Data section:
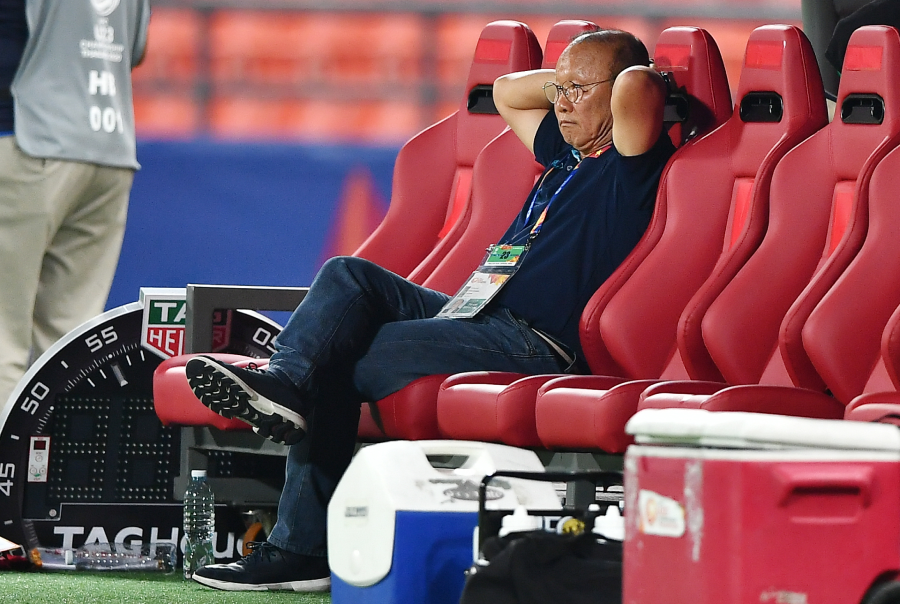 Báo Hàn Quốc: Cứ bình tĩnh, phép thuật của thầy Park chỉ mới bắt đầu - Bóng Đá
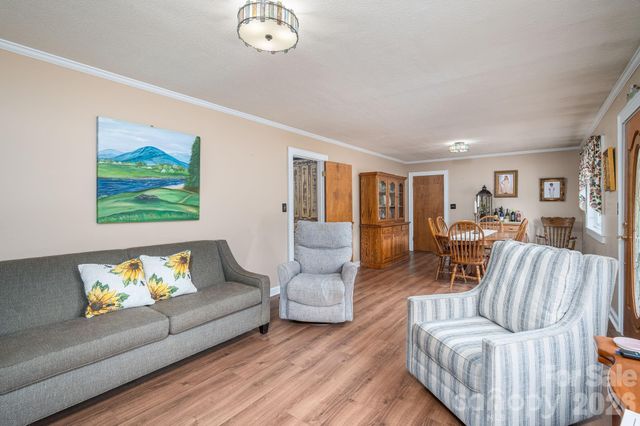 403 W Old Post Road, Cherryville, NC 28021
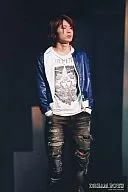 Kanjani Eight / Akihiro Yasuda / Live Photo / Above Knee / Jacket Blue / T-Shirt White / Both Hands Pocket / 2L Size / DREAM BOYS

What to do: When you write out the material above, keep every line exact and drop each picture.

Response:
 Báo Hàn Quốc: Cứ bình tĩnh, phép thuật của thầy Park chỉ mới bắt đầu - Bóng Đá
 403 W Old Post Road, Cherryville, NC 28021
 Kanjani Eight / Akihiro Yasuda / Live Photo / Above Knee / Jacket Blue / T-Shirt White / Both Hands Pocket / 2L Size / DREAM BOYS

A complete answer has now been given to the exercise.